Edit (on why you're getting NotSerializableException when you run Scala script from file)
I've put my code into a file and tried to run it via scala test.scala and got exactly the same error as you. Here is my speculation on why it happens.
According to the stack trace a weird class Main$$anon$1 is not serializable. Logical question is: why it is there in the first place? We're trying to serialize Person after all, not something weird.
Scala script is special in that it is implicitly wrapped into an object called Main. This is indicated by the stack trace:
at Main$$anon$1.<init>(test.scala:9)
at Main$.main(test.scala:1)
at Main.main(test.scala)
The names here suggest that Main.main static method is the program entry point, and this method delegates to Main$.main instance method (object's class is named after the object but with $ appended). This instance method in turn tries to create an instance of a class Main$$anon$1. As far as I remember, anonymous classes are named that way.
Now, let's try to find exact Person class name (run this as Scala script):
class Person(val age: Int) extends Serializable {
override def toString = s"Person($age)"
}
println(new Person(22).getClass)
This prints something I was expecting:
class Main$$anon$1$Person
This means that Person is not a top-level class; instead it is a nested class defined in the anonymous class generated by the compiler! So in fact we have something like this:
object Main {
def main(args: Array[String]) {
new { // this is where Main$$anon$1 is generated, and the following code is its constructor body
class Person(val age: Int) extends Serializable { ... }
// all other definitions
}
}
}
But in Scala all nested classes are something called "nested non-static" (or "inner") classes in Java. This means that these classes always contain an implicit reference to an instance of their enclosing class. In this case, enclosing class is Main$$anon$1. Because of that when Java serializer tries to serialize Person, it transitively encounters an instance of Main$$anon$1 and tries to serialize it, but since it is not Serializable, the process fails.

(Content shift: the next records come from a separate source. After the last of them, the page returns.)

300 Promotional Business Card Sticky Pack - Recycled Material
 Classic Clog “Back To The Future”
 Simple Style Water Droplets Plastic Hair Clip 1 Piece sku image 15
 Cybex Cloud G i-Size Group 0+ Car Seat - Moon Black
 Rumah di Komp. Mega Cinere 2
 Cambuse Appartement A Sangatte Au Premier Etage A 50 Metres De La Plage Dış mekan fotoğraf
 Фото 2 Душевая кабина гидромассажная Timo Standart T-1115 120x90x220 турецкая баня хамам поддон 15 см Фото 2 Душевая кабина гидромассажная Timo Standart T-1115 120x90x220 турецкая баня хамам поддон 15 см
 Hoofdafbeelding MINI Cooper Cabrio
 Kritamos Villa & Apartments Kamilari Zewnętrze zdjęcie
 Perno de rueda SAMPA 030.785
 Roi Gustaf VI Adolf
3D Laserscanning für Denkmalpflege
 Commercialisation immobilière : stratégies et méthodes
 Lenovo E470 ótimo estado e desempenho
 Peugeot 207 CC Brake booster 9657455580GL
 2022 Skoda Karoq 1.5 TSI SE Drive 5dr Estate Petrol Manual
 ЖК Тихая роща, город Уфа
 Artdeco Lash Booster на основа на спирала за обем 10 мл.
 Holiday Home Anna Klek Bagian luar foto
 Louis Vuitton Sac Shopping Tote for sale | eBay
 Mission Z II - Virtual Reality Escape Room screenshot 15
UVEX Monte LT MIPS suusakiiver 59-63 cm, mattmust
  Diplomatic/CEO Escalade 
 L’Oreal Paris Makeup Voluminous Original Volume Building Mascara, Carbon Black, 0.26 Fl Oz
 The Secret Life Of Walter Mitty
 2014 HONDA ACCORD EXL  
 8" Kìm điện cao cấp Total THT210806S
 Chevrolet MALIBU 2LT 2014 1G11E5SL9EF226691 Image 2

BTW, serializing non-static inner classes is a notorious thing in Java world, it is known to cause problems like this one.
As for why it works in REPL, it seems that in REPL declared classes somehow do not end up as inner ones, so they don't have any implicit fields. Hence serialization works normally for them.
You could use the Serializable Trait:
Trivial Serialization example using Java Serialization with the Serializable Trait:
case class Person(age: Int) extends Serializable
Usage:
Serialization, Write Object
val fos = new FileOutputStream( "person.serializedObject" )
val o = new ObjectOutputStream( fos )
o writeObject Person(31)
Deserialization, Read Object
val fis = new FileInputStream( "person.serializedObject" )
val oin = new ObjectInputStream( fis )
val p= oin.readObject
Which creates following output
fis: java.io.FileInputStream = java.io.FileInputStream#43a2bc95
oin: java.io.ObjectInputStream = java.io.ObjectInputStream#710afce3
p: Object = Person(31)
As you see the deserialization can't infer the Object Type itself, which is a clear drawback.
Serialization with Scala-Pickling
https://github.com/scala/pickling or part of the Standard-Distribution starting with Scala 2.11
In the exmple code the object is not written to a file and JSON is used instead of ByteCode Serialization which avoids certain problems originating in byte code incompatibilities between different Scala version.
import scala.pickling._
import json._
case class Person(age: Int)
val person = Person(31)
val pickledPerson = person.pickle
val unpickledPerson = pickledPerson.unpickle[Person]
class Person(age:Int) {} is equivalent to the Java code:
class Person{
Person(Int age){}
}
which is probably not what you want. Note that the parameter age is simply discarded and Person has no member fields.
You want either:
#serializable case class Person(age:Int)
#serializable class Person(val age:Int)
You can leave out the empty curly brackets at the end. In fact, it's encouraged.